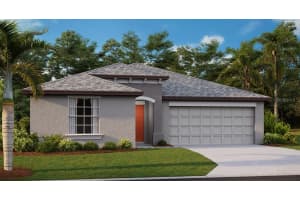 10315 BLUE PLUME CT, RIVERVIEW, FL 33579 Sold 10/05/22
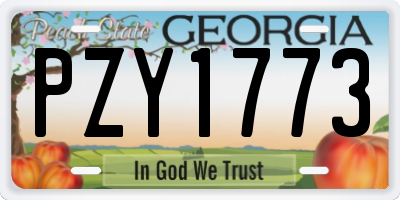 GA license plate PZY1773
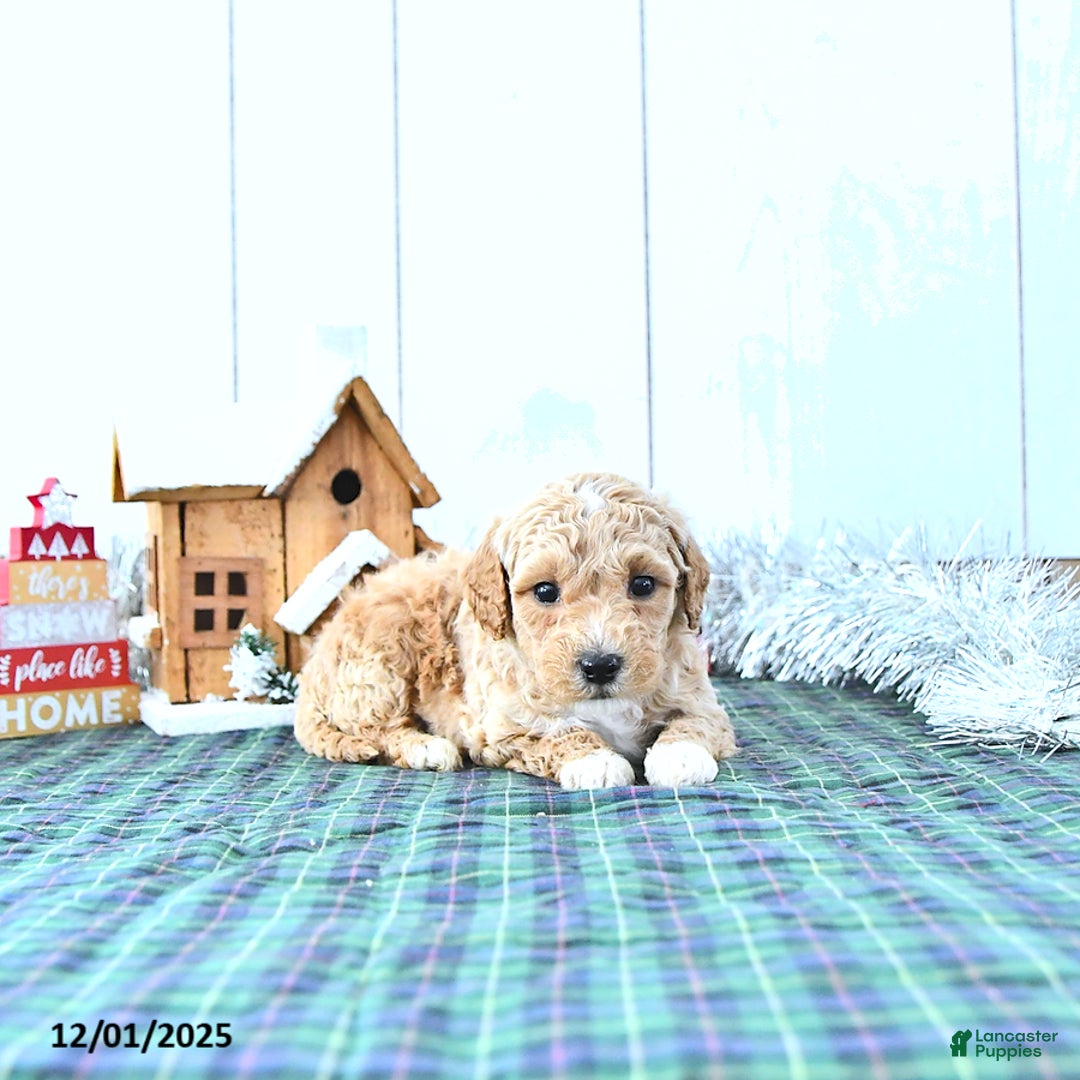 Mini Goldendoodle dogs for sale: Nemo - Ad 2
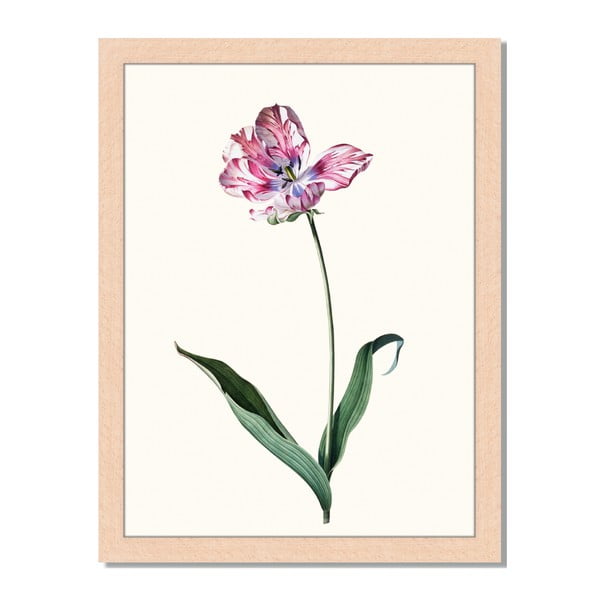 Obraz v ráme Liv Corday Provence Red Floral, 30 x 40 cm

^^^^^^^^^^^^^^^^

◆ **WHAT IS REQUIRED**
Look for the line that contains "Mini Goldendoodle dogs for sale: Nemo - Ad 2", then please copy it and the rest of the lines through the end of the data, pictures excluded.

◆ **SOLUTION BELOW**
 Mini Goldendoodle dogs for sale: Nemo - Ad 2
 Obraz v ráme Liv Corday Provence Red Floral, 30 x 40 cm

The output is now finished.